## [Task directions]
Starting at the line that contains "New RGB LED bulb with remote control 1", repeat each line of the listing below through the last one, exactly, and leave out every picture.

## [Information supplied]
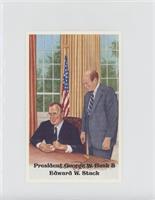 George W. Bush, Edward W. Stack [EX to NM] #/10,000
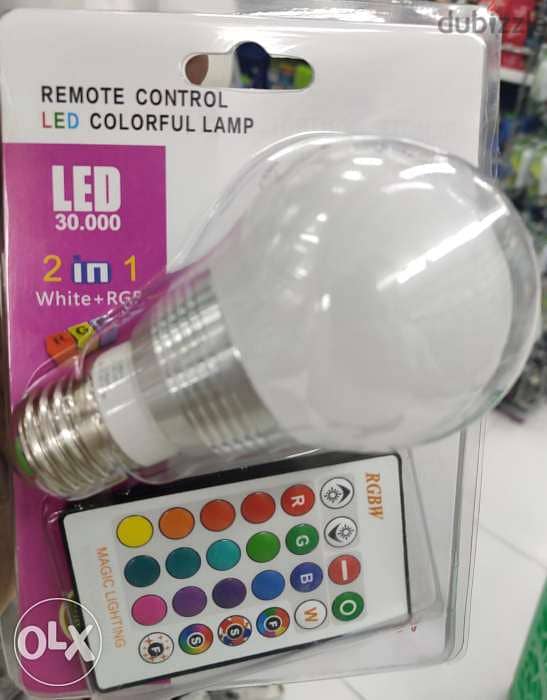 New RGB LED bulb with remote control 1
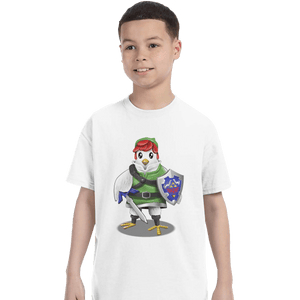 Shirts T-Shirts, Youth / XL / White Hyrule Chicken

## [Reply]
 New RGB LED bulb with remote control 1
 Shirts T-Shirts, Youth / XL / White Hyrule Chicken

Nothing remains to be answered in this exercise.